Attacco kamikaze oggi a Kabul, in Afghanistan. Ancora nessuna rivendicazione, ma l’Isis aveva lanciato ufficialmente la sua minaccia di gravi attacchi nel Paese la scorsa settimana. In un messaggio rilanciato dai media dell’organizzazione terroristica, ricorda Rita Katz del Site Intel Group, si leggeva che “i soldati del Califfato si stanno preparando per una nuova fase della loro jihad benedetta, che non si fermerà”. Nello stesso messaggio, l’Isis definiva la conquista dell’Afghanistan da parte dei talebani come “nient’altro che la sostituzione di un tiranno rasato con uno con la barba”.

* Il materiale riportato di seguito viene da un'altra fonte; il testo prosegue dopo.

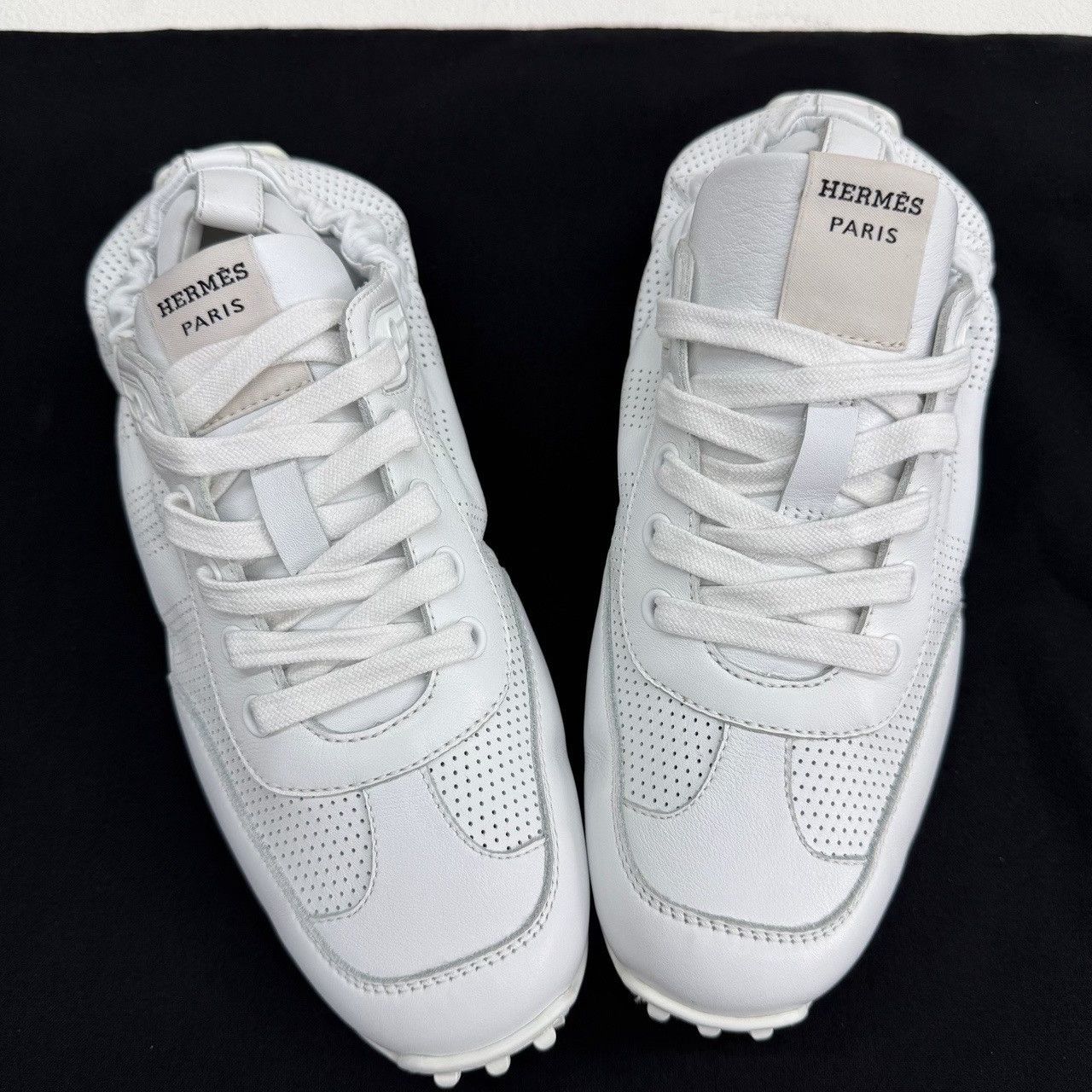 Hermes Hermès Perforated Leather Low-Top Sneakers Size 37 Size US 7 / IT 37 - 10 Thumbnail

I primi sospetti dell’attentato sono i membri dello Stato islamico della provincia di Khorasan, gruppo terroristico noto come Isis-K o Iskp. Già da alcuni giorni vi erano allarmi dei servizi occidentali che attribuivano a questo gruppo l’intenzione di colpire le operazioni del ponte aereo a Kabul con un attentato suicida. Secondo Charlie Winter, ricercatore al Centre for the Study of Radicalisation dell’università di Londra, l’aeroporto e le folle in partenza rappresentano “una perfetta riunione di diversi obiettivi” del gruppo: i militari americani, gli afghani filo occidentali e i talebani, che l’Isis-k considera apostati”.
Il gruppo, ricorda oggi il Guardian, è stato fondato sei anni fa nella provincia sud occidentale pachistana del Balochistan, durante un incontro fra due emissari dell’Isis e un gruppo di talebani delusi dai loro comandanti. Allora lo Stato Islamico era nel pieno del suo successo e controllava ampie parti dell’Iraq e la Siria. Il nome di provincia di Khorasan si riferisce a imperi musulmani medioevali in un’area fra parti dell’Iran, l’Afghanistan e l’Asia centrale.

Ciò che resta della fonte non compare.